Upon this same question a like declaration of law was set out as in M. P. Rd. Co. v. Trotter, supra.

From these authorities the case at bar may be distinguished in several respects. We cannot, or do not know what the fireman, Burnett, saw, if anything. He, too, was killed. We have hereinbefore stated the effect of the testimony of the engineer, Ledbetter, but Ledbetter was a party to this suit and, being a party, his statement will not be accepted as undisputed. Seeman v. Hilderbrand, ante p. 677, 113 S.W.2d 724; French v. Browning,187 Ark. 996, 63 S.W.2d 647; M. P. Rd. Co. v. Trotter, supra.

We think the case of Baldwin v.
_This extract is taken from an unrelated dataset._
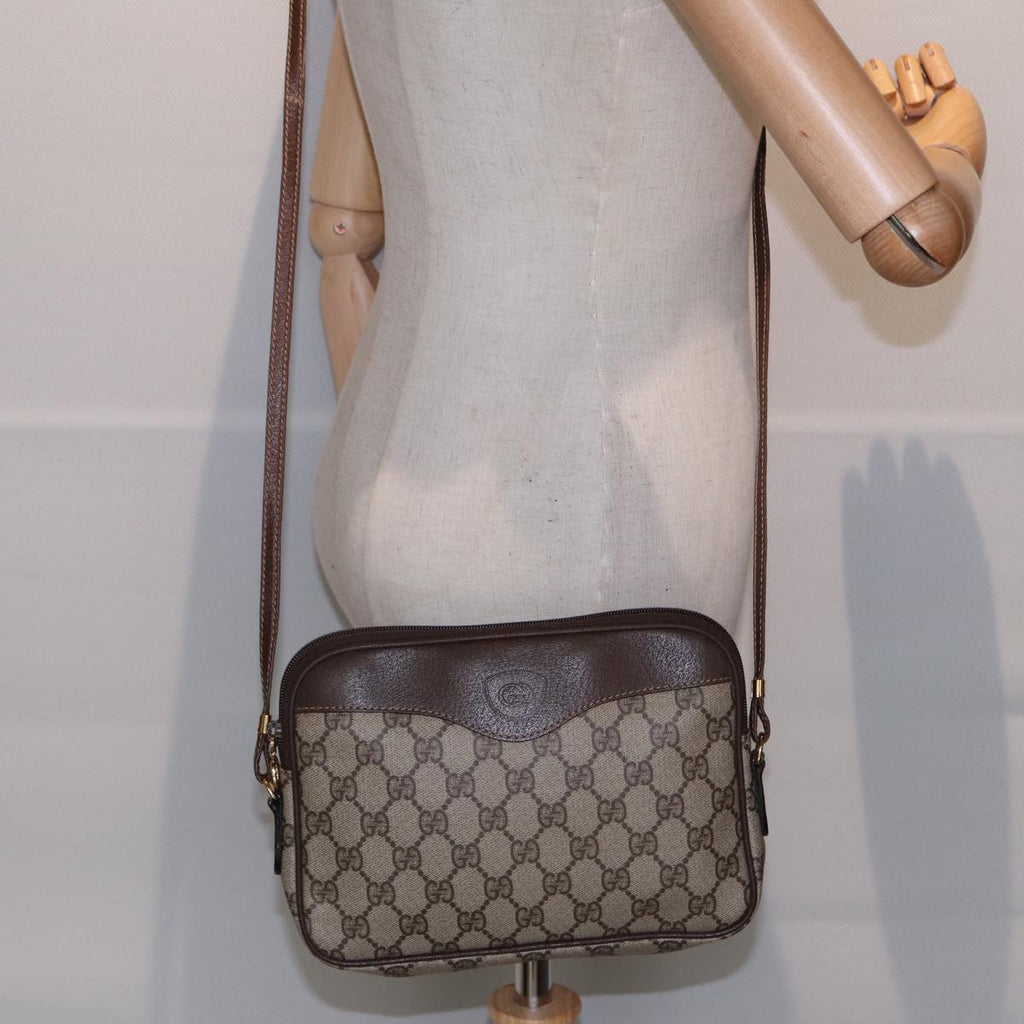 GUCCI GG Supreme Shoulder Bag PVC Leather Beige Gold ep5599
Clark, 189 Ark. 1140,76 S.W.2d 967, is conclusive of all the foregoing matters. Clark was killed just three days prior to Nelson's death. The facts are not essentially dissimilar. A recovery was there upheld upon identical matters as here presented. Clark was not seen, though he might have been, had a lookout been kept, until the moment of the accident.

It must be apparent that the evidence in regard to the lookout is not at all satisfactory. We have just cited from the authorities that contributory negligence was not a bar to recovery, either under the lookout statute or under the doctrine of discovered peril. We cannot say, as a matter of law, or as a legal conclusion arrived at from a consideration of the testimony, that had a proper lookout been kept the accident would have occurred notwithstanding, and since we cannot make such declaration, the question of a proper lookout and also the question of discovered peril were properly submitted to the jury.

Appellant urges two other propositions. The first is that the Interstate Commerce Commission made an investigation and a report of this accident and its causes. By agreement, evidence from this Interstate Commerce Commission report was read into the record, but appellants insist the court should also have accepted the report of that commission. We have not been cited to any positive authority, statutory or otherwise, requiring the *899 acceptance of the determination of such tribunal in the trial of cases like this one. It was not a court. It was not a hearing between the same parties, but an ex parte proceeding and the conclusions of that commission might perhaps serve only to confuse. At least, there is no authority for its acceptance.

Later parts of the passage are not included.